São Paulo - Nem inflação, nem desemprego nem dólar. Para 51,% dos consumidores brasileiros o principal motivo para a atual crise no Brasil é corrupção e má versação de dinheiro público. Entre os que estão pessimistas com o futuro, a 'incompetência e impunidade dos políticos' foi citada por 52,4% dos entrevistados.

As afirmações fazem parte de um levantamento da Confederação Nacional dos Dirigentes Lojistas (CNDL) que abordou as percepções dos brasileiros em junho. Segundo o estudo, 81,9% dos entrevistados avaliaram que a economia vai mal, e a Confederação destaca ainda que subiu a proporção de brasileiros que estão pessimistas com o futuro. Em junho deste ano - após as delações de Joesley Batista, um dos sócios da J&F - o indicador de confiança na economia futura caiu 5,2%, atingindo 51,1 pontos, muito próximo da zona que difere o pessimismo do otimismo (50 pontos). "O recuo foi observado tanto no quesito expectativas para a economia quanto no indicador de expectativas para a vida financeira", destaca o presidente da CNDL, Honório Pinheiro.

Para ele, a combinação do risco de novas instabilidades políticas e a atividade econômica ainda fraca, mesmo com inflação em queda e juros menores, contribuíram para o resultado de junho. "O processo de recuperação da confiança dos consumidores poderá ser lento e irregular, variando ao sabor do clima político", analisa Pinheiro.

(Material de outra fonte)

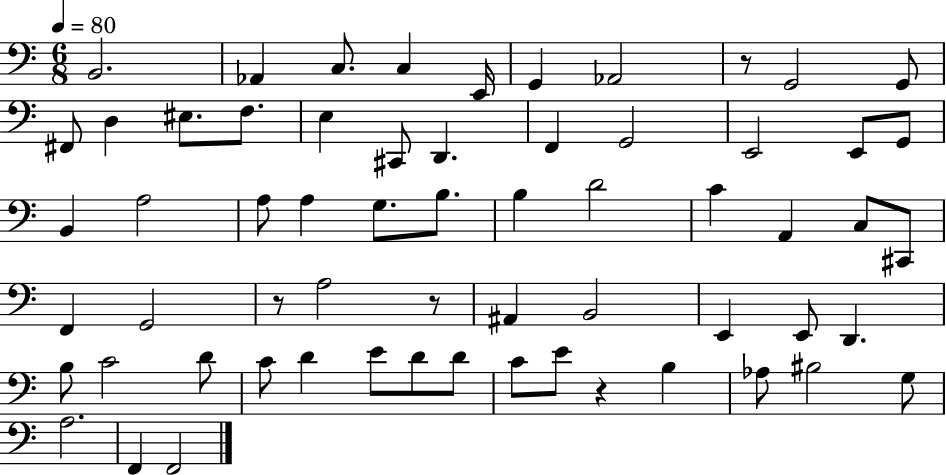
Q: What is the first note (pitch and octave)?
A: B2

No recorte do mau humor com a economia nos próximos seis meses 40% dos entrevistados disseram que o futuro será ruim para o País, sendo que mais da metade desses entrevistados (52,4%) culpam a impunidade de políticos e incompetência como os principais fatores para o País estar nesse momento de recessão econômica tão duradoura.

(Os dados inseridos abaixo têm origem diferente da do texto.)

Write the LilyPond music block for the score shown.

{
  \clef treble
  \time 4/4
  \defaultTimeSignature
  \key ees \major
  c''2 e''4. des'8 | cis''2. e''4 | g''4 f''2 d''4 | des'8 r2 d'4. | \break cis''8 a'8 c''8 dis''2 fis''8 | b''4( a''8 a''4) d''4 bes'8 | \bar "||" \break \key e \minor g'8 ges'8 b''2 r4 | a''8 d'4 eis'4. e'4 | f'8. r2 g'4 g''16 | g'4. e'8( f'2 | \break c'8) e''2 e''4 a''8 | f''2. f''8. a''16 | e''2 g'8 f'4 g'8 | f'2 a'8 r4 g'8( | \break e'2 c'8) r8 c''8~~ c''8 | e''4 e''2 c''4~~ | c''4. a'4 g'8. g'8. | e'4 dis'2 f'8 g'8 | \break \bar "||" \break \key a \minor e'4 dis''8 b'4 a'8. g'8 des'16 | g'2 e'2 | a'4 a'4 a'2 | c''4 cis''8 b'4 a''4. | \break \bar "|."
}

Para 13,8% dos entrevistados a razão do desalento com a economia é o continuo aumento do desemprego, enquanto 10% citaram que novos fatos da política (como os escândalos envolvendo o presidente Michel Temer e o senador Aécio Neves) conseguem desequilibrar a economia.

Finanças pessoais

Quando analisado a situação financeira dos entrevistados, a resposta também não anima muito. Segundo a pesquisa, 41,1% dos ouvidos disseram que a atual situação está ruim ou péssima, enquanto 45% colocam-se como regular e apenas 9% dizem que o momento atual das contas em casa está bom ou ótimo.

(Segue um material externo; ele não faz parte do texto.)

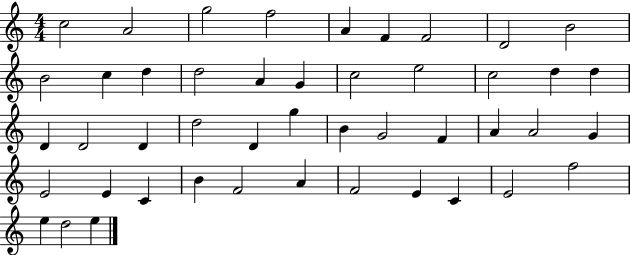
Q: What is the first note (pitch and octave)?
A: C5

Entre os principais motivos para estar em uma situação desconfortável, o orçamento encolhido e a dificuldade de pagar contar foi o problema mais reportado por 31,3% dos ouvidos pela CNDL.

"O momento econômico difícil pelo qual o país atravessa influencia negativamente a vida financeira do brasileiro, obrigando que essas pessoas façam cortes no orçamento, consumam menos do que antes ou enfrentem dificuldades para honrar compromissos em dia", explica a economista-chefe do SPC Brasil, Marcela Kawauti.